Limassol, Cyprus - April 15, 2026

Castor Maritime Inc. (NASDAQ: CTRM) ("Castor" or the "Company"), a diversified global shipping and energy company, today announced its results for the three months and year ended December 31, 2025.

Highlights of the Fourth Quarter Ended December 31, 2025:
Total vessel revenues: $13.3 million for the three months ended December 31, 2025, as compared to $15.0 million for the three months ended December 31, 2024, or an 11.3% decrease;

• Revenue from services: $9.2 million for the three months ended December 31, 2025;
• Net income of $17.6 million for the three months ended December 31, 2025, as compared to a $32.7 million loss for the three months ended December 31, 2024, or a 153.8% increase;
• Adjusted net income(1) of $5.2 million for the three months ended December 31, 2025, as compared to a $7.7 million loss for the three months ended December 31, 2024;
• Earnings / (loss) per common share, basic: $1.21 per share for the three months ended December 31, 2025, as compared to ($1.24) per share for the three months ended December 31, 2024;
• EBITDA(1): $23.5 million for the three months ended December 31, 2025, as compared to $(28.7) million for the three months ended December 31, 2024;
• Adjusted EBITDA(1): $11.2 million for the three months ended December 31, 2025, as compared to $3.4 million for the three months ended December 31, 2024;
• Cash and restricted cash of $152.8 million as of December 31, 2025, as compared to $87.9 million as of December 31, 2024;
• On October 13, 2025, we and Toro Corp. ("Toro") agreed to the full redemption of 60,000 shares of our 8.75% Series E Cumulative Perpetual Convertible Preferred Shares issued by us in September 2025 (the "Series E Preferred Shares"), for cash consideration equal to its stated amount of $60.0 million plus 0.523% thereof, including accrued and unpaid distributions; and
• On October 13, 2025, we secured a $50.0 million sustainability-linked senior term loan facility with a five-year tenor.

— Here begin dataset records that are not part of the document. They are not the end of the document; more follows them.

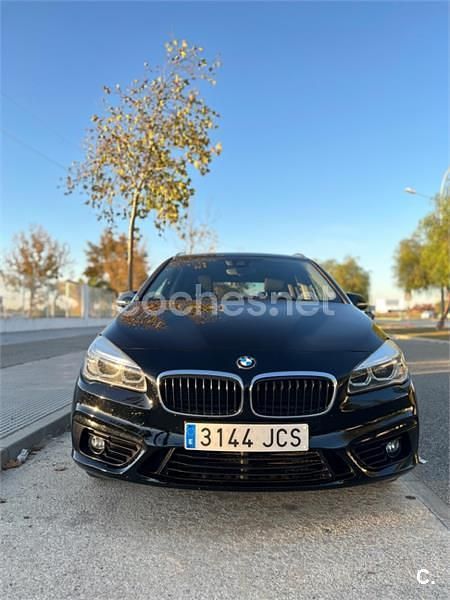 Usado BMW 218 Sport Line 150 CV (110 kW) 2015 Negro Familiar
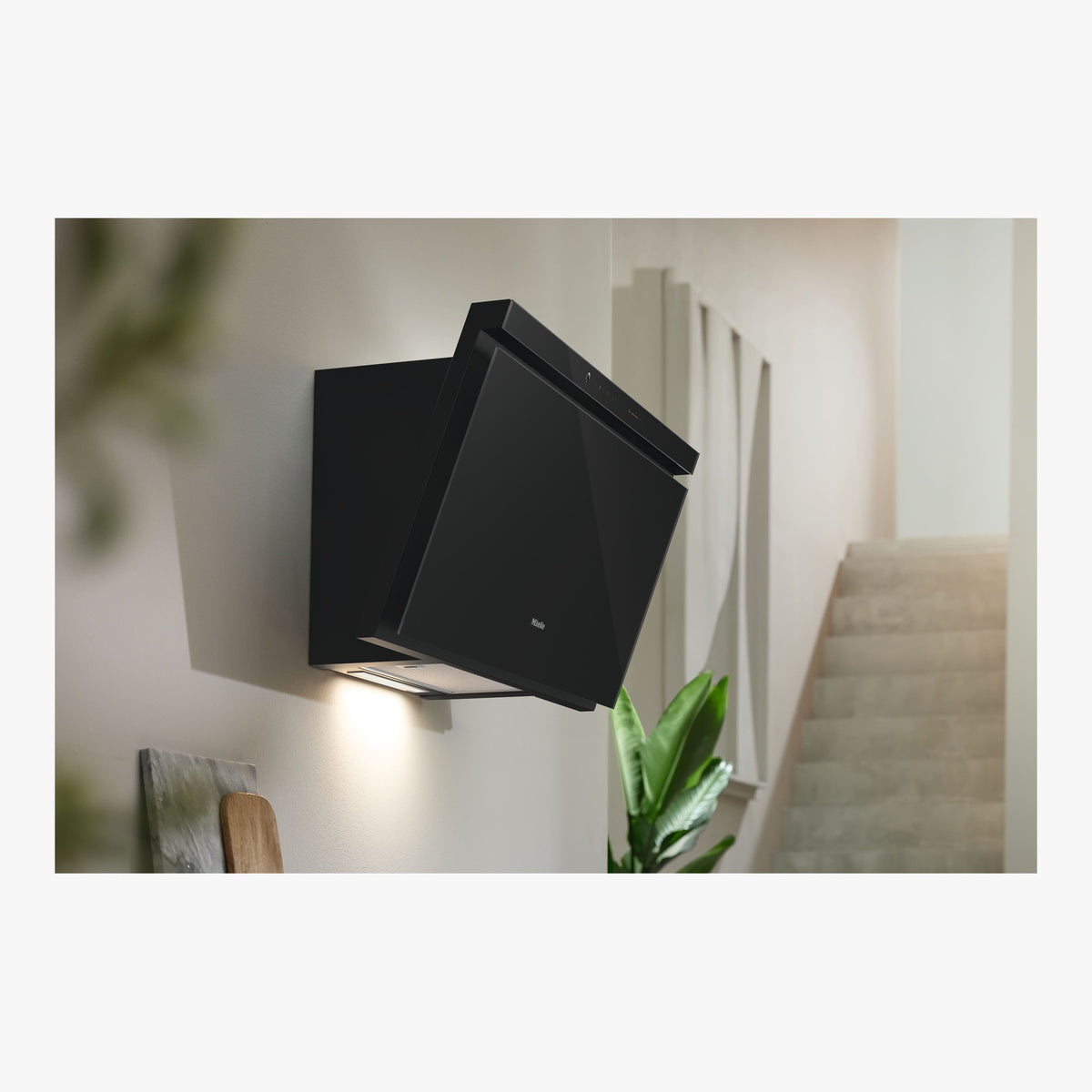 Miele Væghængt emhætte DAH 4970 Sienna Obsidiansort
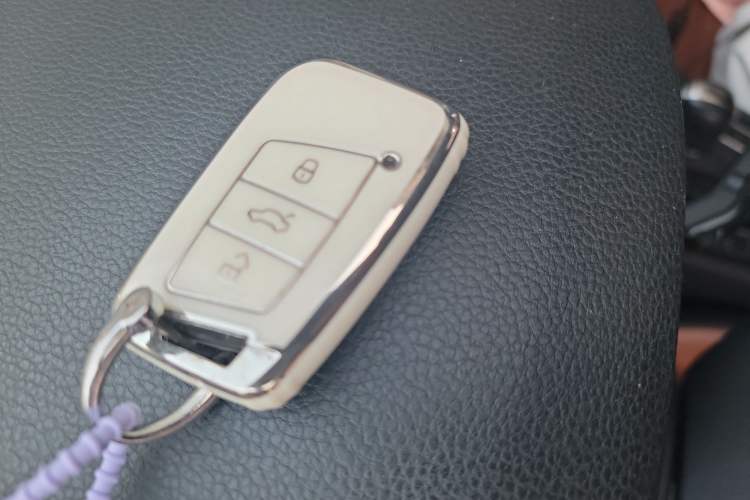 Used Volkswagen CC 2019 330TSI Glamour Edition China VI Vehicle Key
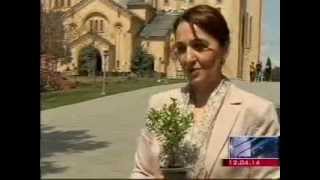 MOE: მინისტრმა ხათუნა გოგალაძემ სამების საკათედრო ტაძარს საჩუქრად ბზის ნერგები გადასცა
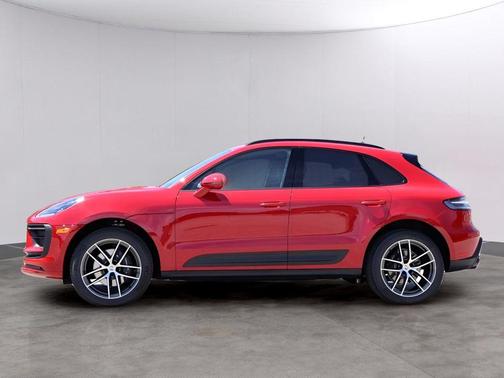 2025 Porsche Macan 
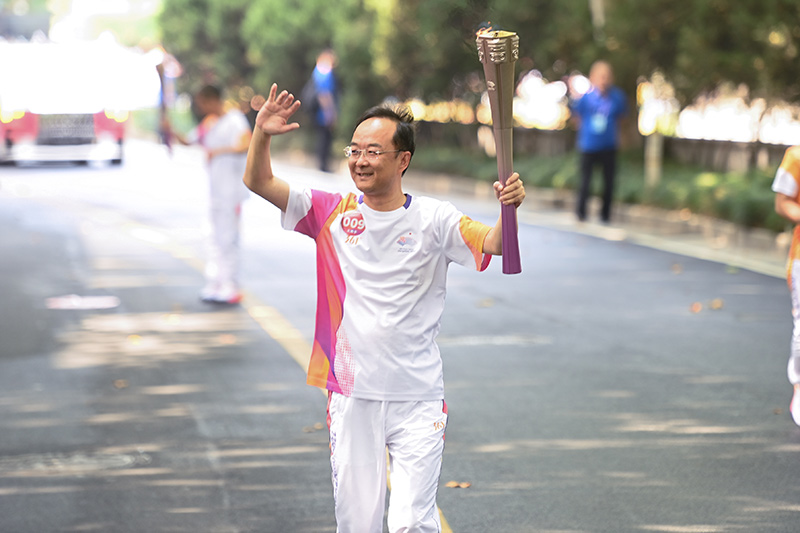 杭州亚运会火炬传递启动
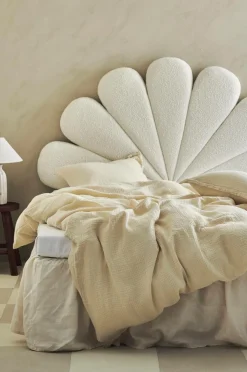 Ellos Senge & Madrasser>Home Sengegavl Flora Bouclé 180 cm Beige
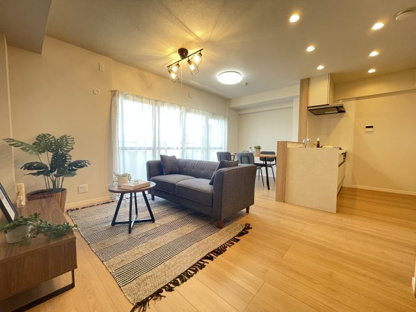 【居間・リビング】グローリアス豊田大林公園 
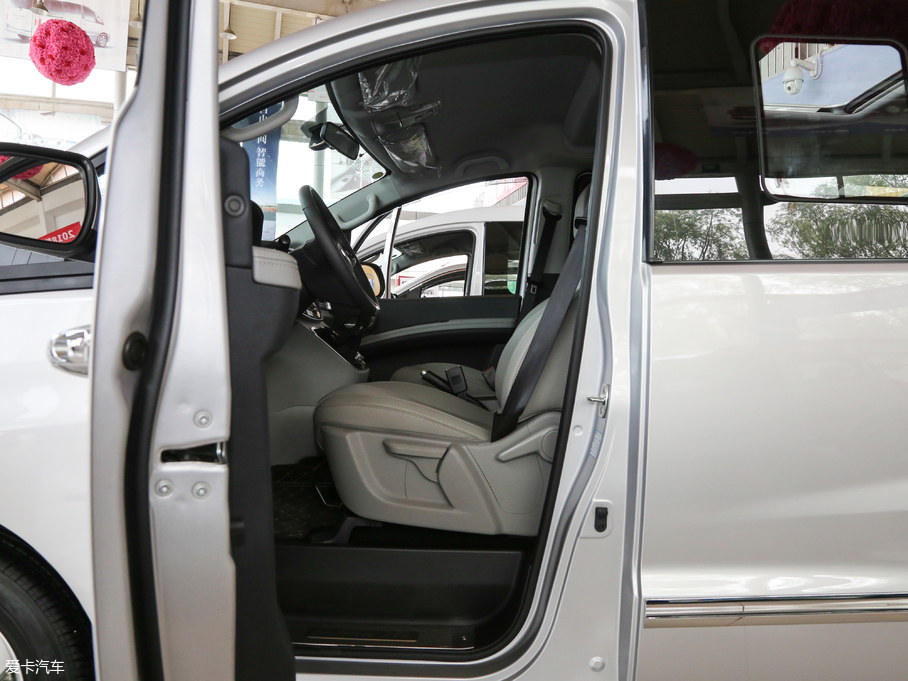 2018L(fng)M4 2.0L ք(dng)\(yn)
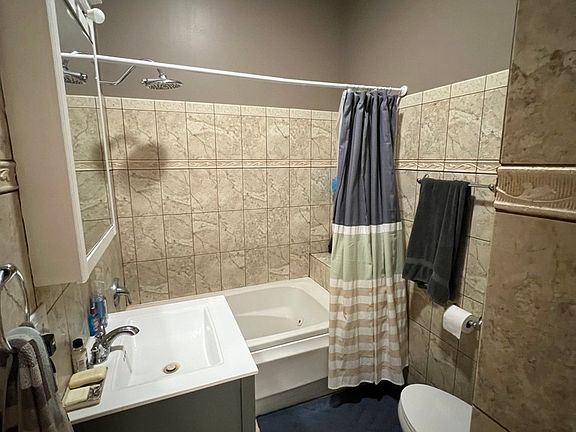5th image of 3100 W Diversey Ave Ste 1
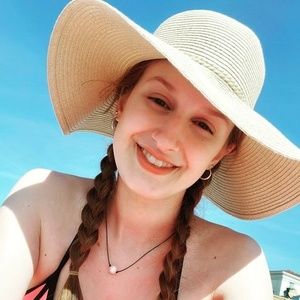 Meet your Posher, Jena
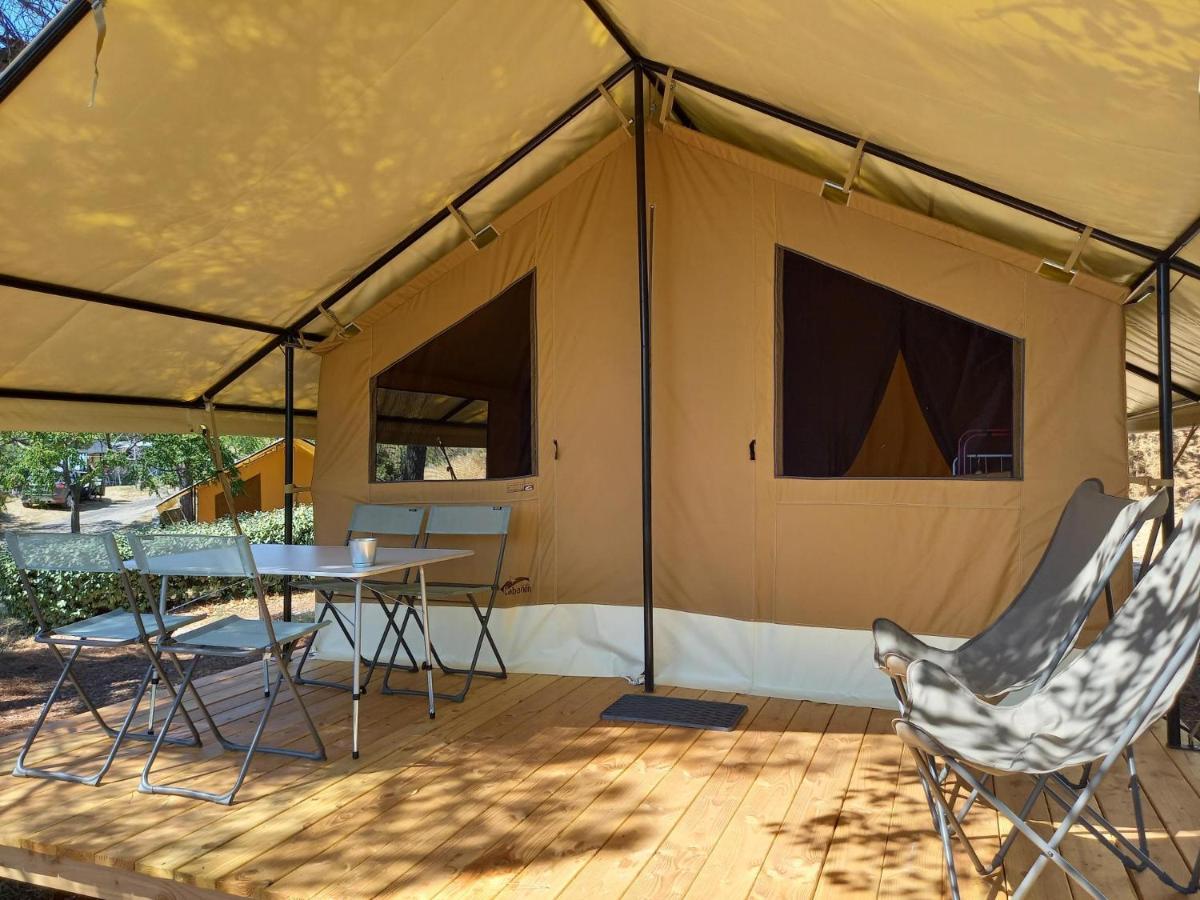 Camping Onlycamp Les Pins Nancay المظهر الخارجي الصورة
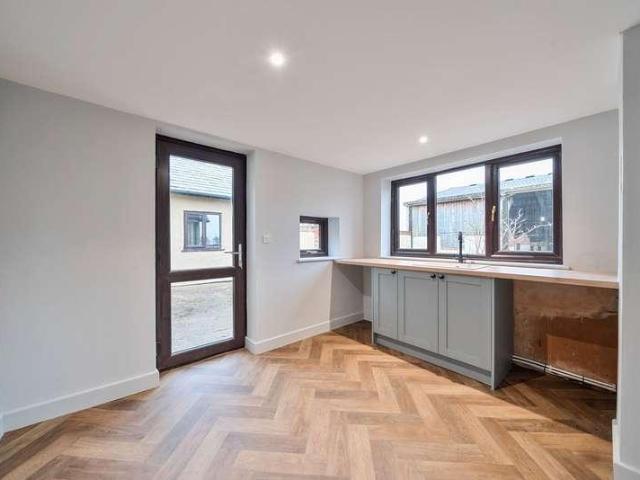 House for sale in Barholm, Lincolnshire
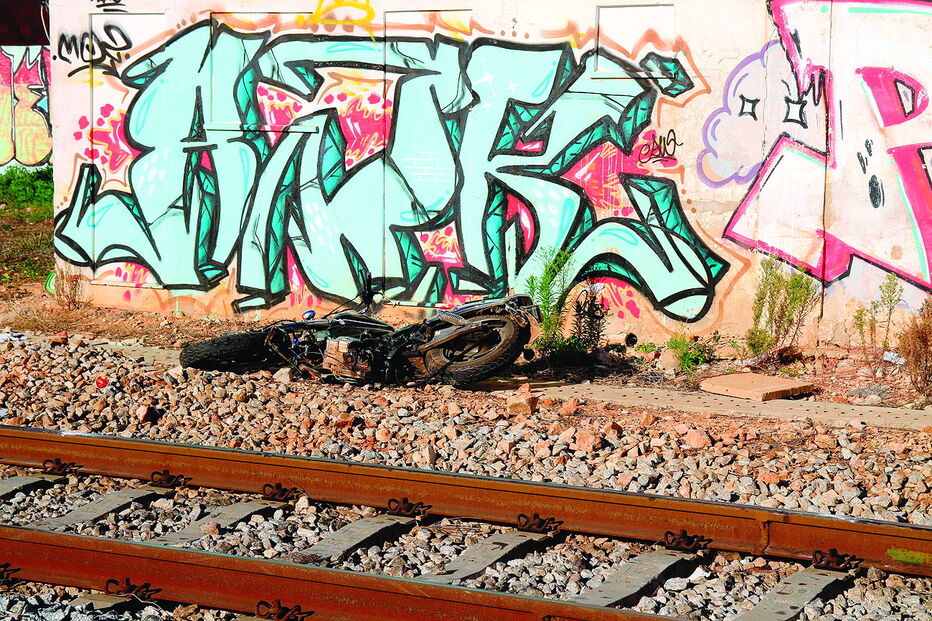 Mota conduzida pela vítima ficou destruída depois da colisão com um comboio na passagem de nível de Algoz  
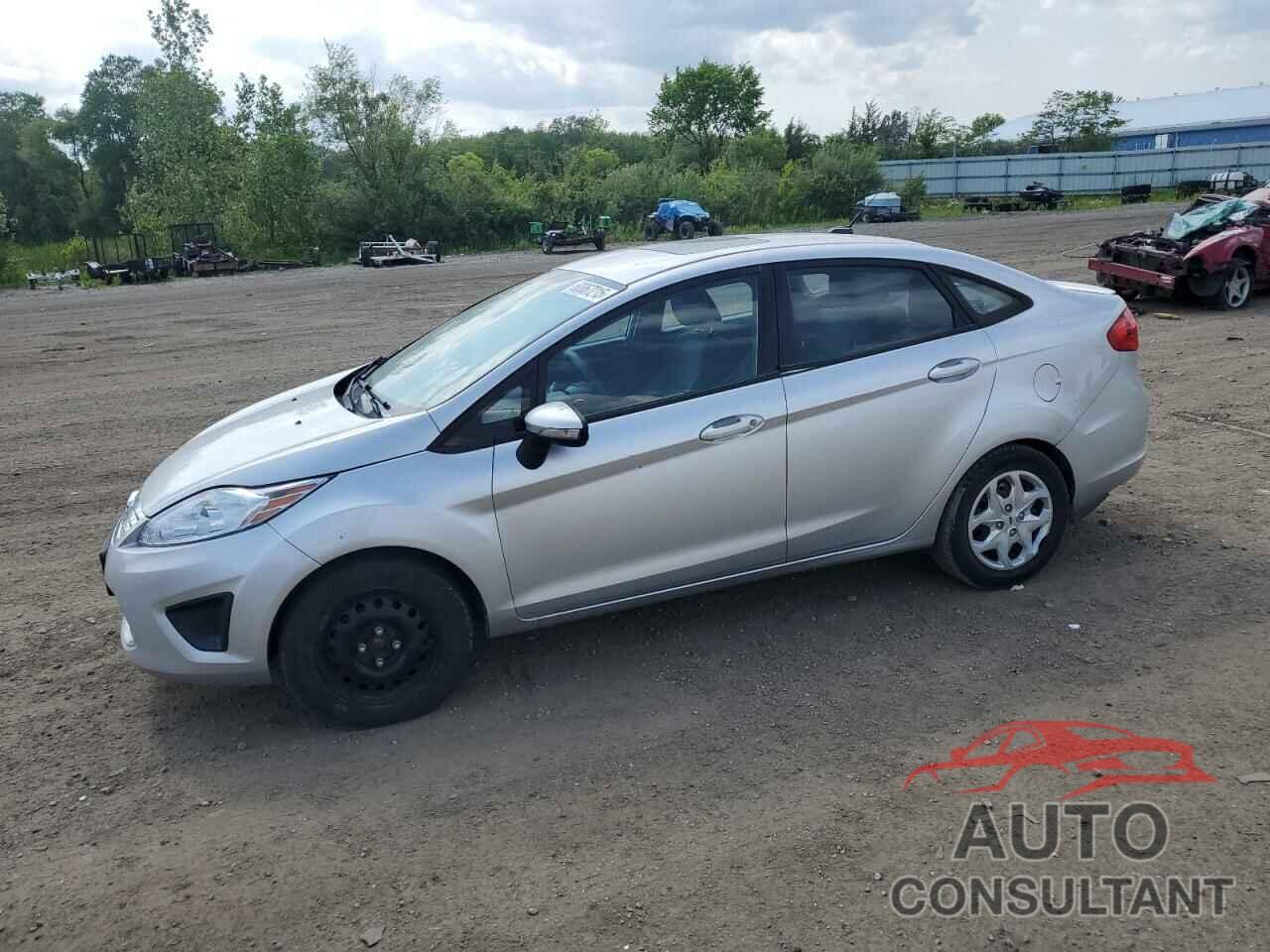FORD FIESTA 2013 - 3FADP4BJ9DM142415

Highlights of the Year Ended December 31, 2025:
• Total vessel revenues: $46.2 million for the year ended December 31, 2025, as compared to $65.1 million for the year ended December 31, 2024, or a 29.0% decrease;
• Revenue from services: $35.6 million for the year ended December 31, 2025;
• Net income of $21.5 million for the year ended December 31, 2025, as compared to $15.3 million for the year ended December 31, 2024, or a 40.5% increase;
• Adjusted net income(1) of $14.5 million for the year ended December 31, 2025, as compared to $30.9 million for the year ended December 31, 2024;
• Earnings per common share, basic: $1.13 per share for the year ended December 31, 2025, as compared to $3.50 per share for the year ended December 31, 2024;
• EBITDA(1): $40.2 million for the year ended December 31, 2025, as compared to $29.7 million for the year ended December 31, 2024;
• Adjusted EBITDA(1): $33.2 million for the year ended December 31, 2025, as compared to $52.3 million for the year ended December 31, 2024;
• In addition to the full redemption of the Series E Preferred Shares, during the year ended December 31, 2025, the Company completed full repayment of its $100 million senior term loan from Toro; and
• During the year ended December 31, 2025, the Company completed four vessel disposals.

(1) Adjusted net income, EBITDA and Adjusted EBITDA are not recognized measures under United States generally accepted accounting principles ("U.S. GAAP"). Please refer to Appendix B for the definitions of these measures and reconciliation to Net income / (Loss), the most directly comparable financial measure calculated and presented in accordance with U.S. GAAP

Management Commentary for Fourth Quarter 2025:

Mr. Petros Panagiotidis, Chief Executive Officer of Castor, commented: "In Q4 2025, stronger market rates combined with solid charter demand continued to support our positive long- term outlook for the dry-bulk sector. During the quarter, we initiated our second sale-and-leaseback transaction, thoughtfully incorporating leverage to enhance balance sheet efficiency and further optimize our capital structure, while also securing a $50.0 million sustainability-linked senior term loan facility. With a disciplined approach to funding and a strong balance sheet, we remain well positioned to capitalize on future opportunities and sustain value delivery."

Earnings Commentary:

Fourth Quarter ended December 31, 2025, and 2024, Results
Total vessel revenues for the three months ended December 31, 2025, decreased to $13.3 million from $15.0 million in the same period of 2024. This variation was mainly driven by the decrease in our Available Days (defined below), from 1,180 days in the three months ended December 31, 2024 to 828 days in the three months ended December 31, 2025, representing a 29.8% decrease, following the sale of two dry bulk vessels and two containership vessels in the first and second quarters of 2025. The decrease was partially offset by an increase in prevailing charter rates of our vessels.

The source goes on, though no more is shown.